Mais on ne peut pas, du jour au lendemain, dire: Bon, vous avez fait ça
ou vos voisins ont fait ça, payez pour l'ensemble ou payez pour le
siècle qu'on vient de passer. Ça fait...
M. Paradis (Brome-Missisquoi): Bien là, j'ai saisi votre
réponse. Votre réponse, c'est: Pour l'avenir, ça va.
Maintenant, je tente peut-être de vous faire préciser en disant:
Pour le passé, est-ce que c'est la société en
général ou si la constitution du fonds pourrait être
à un niveau assez important que ce seraient les contributeurs du fonds
qui sont dans ce domaine d'activité là qui paieraient pour le
passé?
M. Cayouette: Quant au fonds, on n'est pas d'accord du tout qu'il
y ait un fonds. Non, il n'est pas question de fonds, excepté s'il est
personnel. Le genre de formule qu'on a proposée, c'est ce qu'on appelle
un régime enregistré d'épargne-environnement. C'est plus
ou moins cela qu'on propose là-dedans. On ne voit pas de raison pour
laquelle tous les Paradis doivent payer pour le péché d'un
Paradis. C'est la même chose. Parce qu'il y a eu des mines dans le
passé, que ce soit seulement le monde des mines qui paye, ce n'est pas
normal. Par exemple, s'il y a un édifice qui tombe à
Québec ici, est-ce que ça va être tous les entrepreneurs en
construction qui vont être chargés seulement pour réparer
ces bâtisses-là? Pourquoi, pour une mine, est-ce différent?
Une bâtisse qui fait défaut à Québec, ça ne
sera pas tous les employeurs de la construction qui vont payer.

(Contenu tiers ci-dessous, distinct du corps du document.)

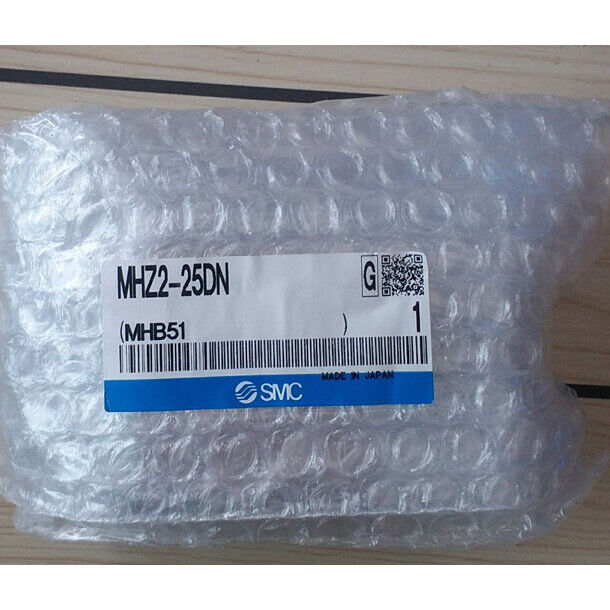 1 Piece SMC Finger Cylinder MHZ225DN - SMC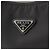 Saffiano Borsa a tracolla Prada Re Edition 2005 in Re-Nylon nero - vista 8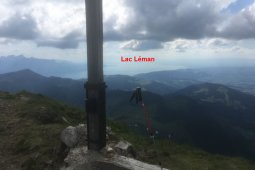 Bergklub: Dent de Lyss (2014 m.ü.M.)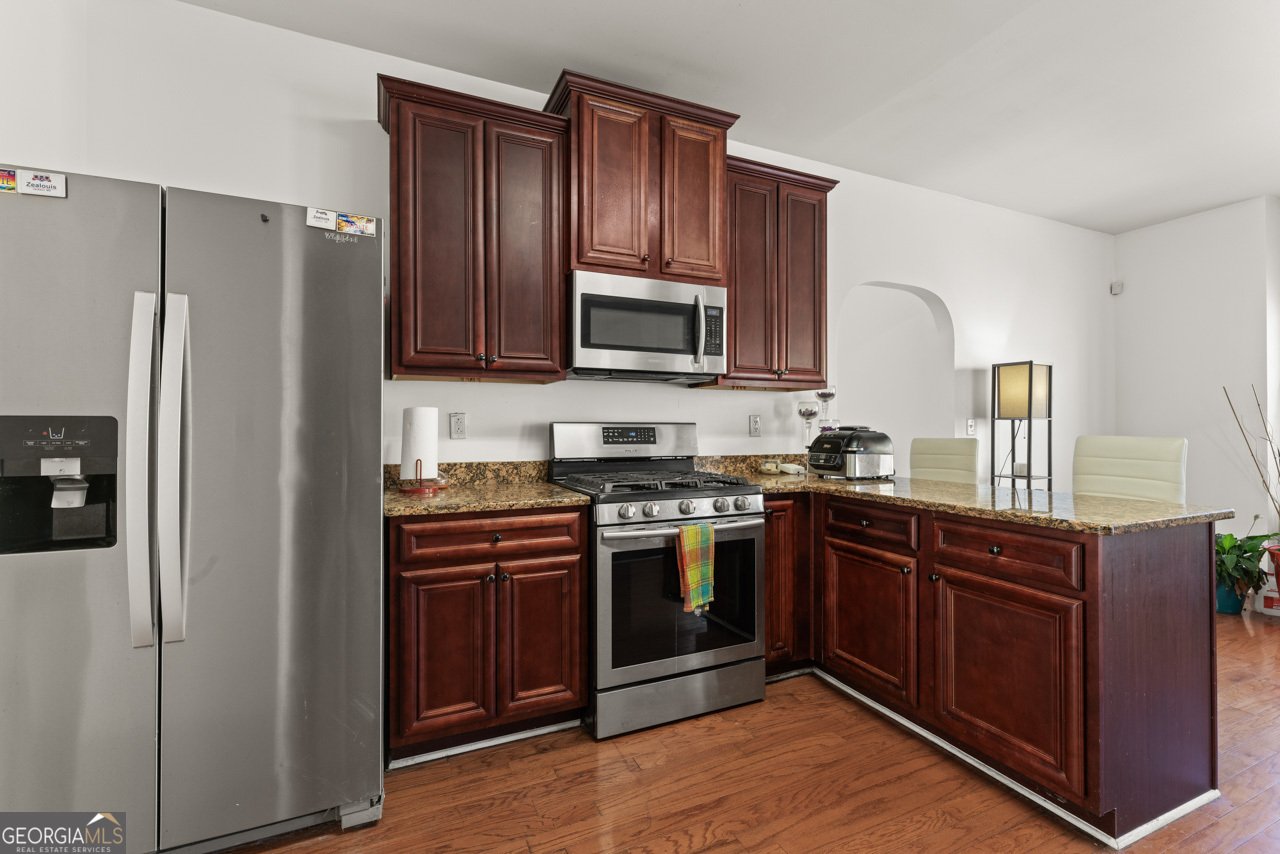 3971 Busby Mill Court Ellenwood - 18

M. Paradis (Brome-Missisquoi): Faites-moi la comparaison avec la
CSST... J'aimerais vous entendre sur une comparaison avec la CSST. Vous avez
des taux dans le secteur minier parce qu'il y a des accidents dans le secteur
minier...
M. Cayouette: Oui.
M. Paradis (Brome-Missisquoi): ...qui s'appliquent au secteur
minier.
M. Cayouette: On peut en parler de la CSST encore une fois pour
vous montrer jusqu'à quel point ce n'est pas toujours très bon,
la CSST. On peut parler peut-être de l'exemple des maux de dos, des
douleurs. Moi, je suis rentré dans les mines, ce n'est pas hier, en
1950, j'étais la-dedans. Je me rappelle qu'en 1950, je n'ai jamais vu
ça sur une liste d'accidents, un mal de dos. Ça n'existait pas.

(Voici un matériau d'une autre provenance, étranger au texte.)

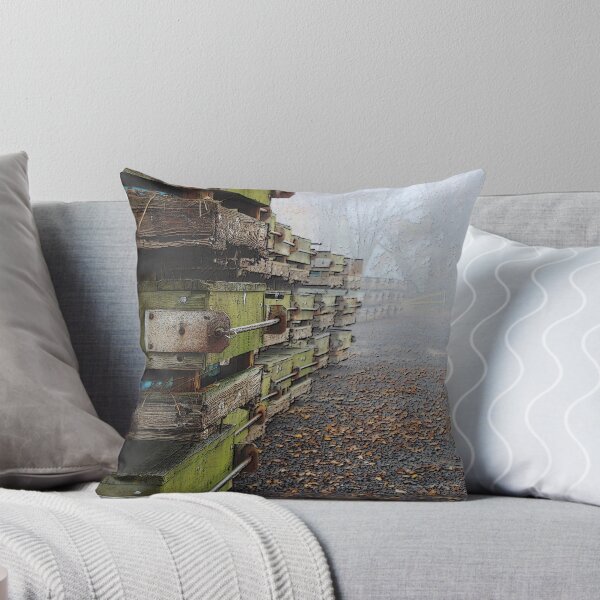 Item preview, Foggy Dock Storage designed and sold by Gilda Axelrod.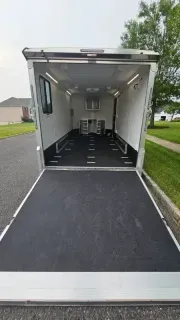used Motorcycle / Cycle Trailers NEO Trailers  for sale, in Mullica Hill, NJ Thumbnail 3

Ce n'était ni des douleurs, ni des enflures... Ça n'existait pas
ça. Il n'y avait pas de réclamation là-dessus. En 1970,
environ 13 % des réclamations étaient pour des maux de dos et des
douleurs et des affaires dans ce genre-là. Quand est arrivée la
loi 114 en 1978, c'est passé à 23 %. Là, depuis qu'on est
rendus avec la belle loi 17, avec les 14 jours payés par l'employeur, le
mois passé, 47 % de nos accidents étaient pour des maux de dos,
des douleurs, des choses... Alors, des lois comme ça, la CSST et ce
qu'on veut faire avec l'environnement, déresponsabiliser la population,
c'est ça que ça va faire. Si on veut responsabiliser les gens, il
faut les faire payer seulement pour ce dont ils sont responsables. On les
déresponsabilise autrement. Un fonds général va
déresponsabiliser les employeurs.
M. Paradis (Brome-Missisquoi): Et ils vont polluer davantage.
C'est votre...
M. Cayouette: Oh! non. Jamais de la vie. (23 heures)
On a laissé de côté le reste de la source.